August 2, 2020 @ 5:30 pm - 6:30 pm

Master Maritime Navigator and Hōkūle‘a Captain, Bruce Blankenfeld will discuss ancient Polynesian navigation techniques, the perpetuation of these, and the Hōkūle‘a’s “Mālama Honua” (the recent worldwide voyage in traditional voyaging sailing canoes).
Captain Blankenfeld serves as PWO Navigator and crew training coordinator for the World Wide Voyage. He is employed as a foreman by McCabe Hamilton and Renny (stevedoring contractor) and is a long distance paddler and coach for Hui Nalu Canoe Club. His most recent voyage as captain and navigator was the 2009 training sail from Hawai‘i to Palmyra and back in preparation for Hōkūle‘a’s Worldwide Voyage. Bruce serves as a director of crew training for the voyage.
Bruce began his association with Polynesian Voyaging Society in 1977 by volunteering for the maintenance of Hōkūle’a while training for crew on day and night sails.
In 1990, he began formal navigation training with Nainoa Thompson and Mau Plailug, which included a nine-day sail on Hokule’a out of sight of land in 1991. On the 1992 voyage to Rarotonga, he served as an apprentice navigator on Hokule’a from Rarotonga, Cook Islands to Tahiti (800 miles, 8 day) and then as co-navigator, with Kimo Lyman, from the Tahiti to Hawai’i.
After many decades of sailing and navigating, in 2007, on Ku Holo Mau, the voyage to Satawal, Bruce was captain and navigator of Hōkūle‘a from Hawa’i to Pohnpei.
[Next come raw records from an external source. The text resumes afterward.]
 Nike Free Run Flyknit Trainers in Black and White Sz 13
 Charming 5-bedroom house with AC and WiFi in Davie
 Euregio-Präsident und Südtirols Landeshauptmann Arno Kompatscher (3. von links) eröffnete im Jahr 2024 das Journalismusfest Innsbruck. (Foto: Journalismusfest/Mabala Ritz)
He rejoined the crew for the sail from Chuuk to Satawal, where he was one of five Hawaiians inducted into PWO by Mau Piailug.
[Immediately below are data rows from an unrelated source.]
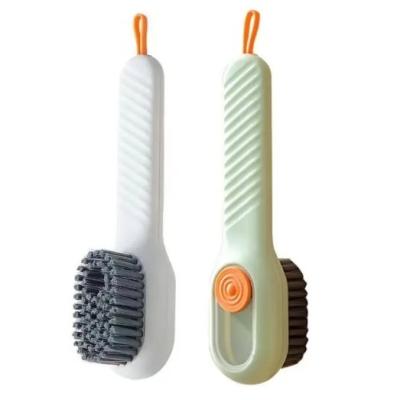 China Effortless Shoe Cleaning Automatic Liquid Discharge Brush With Soft Bristles For Household zu verkaufen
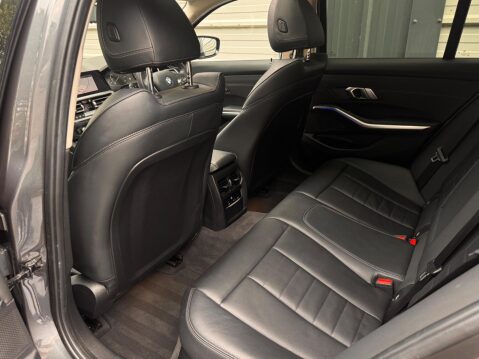 BMW 3 Series 2.0 320i Sport Touring Auto Euro 6 (s/s) 5dr 53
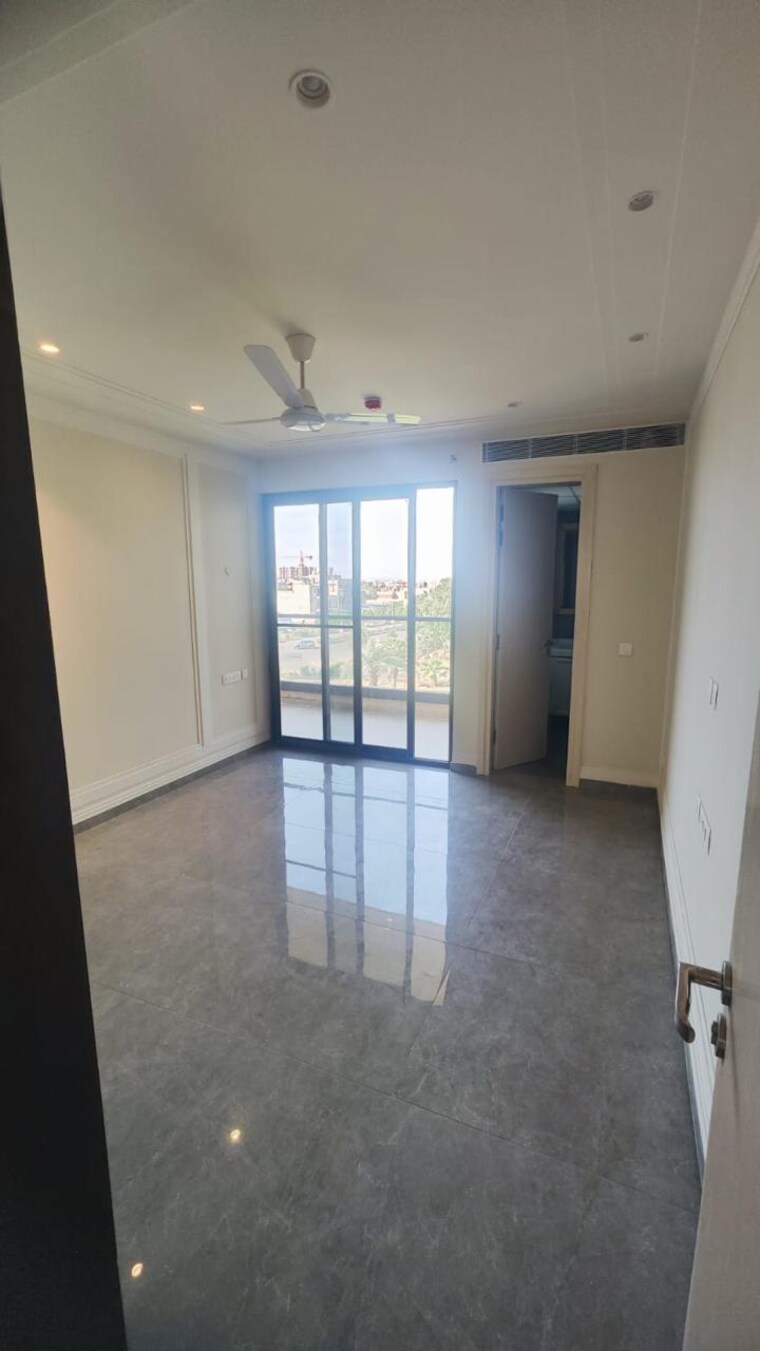 Room, sector 82 a 3.5 Bedroom 2116 Sq.Ft. Apartment In Sector 82 A Mohali 9352822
Bruce will be introduced by Emily and Sophie Kelley-Lau. Emily and Sophie were born in Hawaiʻi and lived there until they were 10 and 8, after which they moved to Islesboro. Although they were welcomed into the loving community of Islesboro, they missed their native, vibrant culture. When the Hōkūleʻa sailed into Mount Desert Island, it was like a breath of warm Hawaiian air. Since first seeing and learning about the ancient traditions of Polynesian voyaging, the sisters have hoped to become a greater part of the Mālama Honua mission that Bruce introduced to them in Southwest Harbor.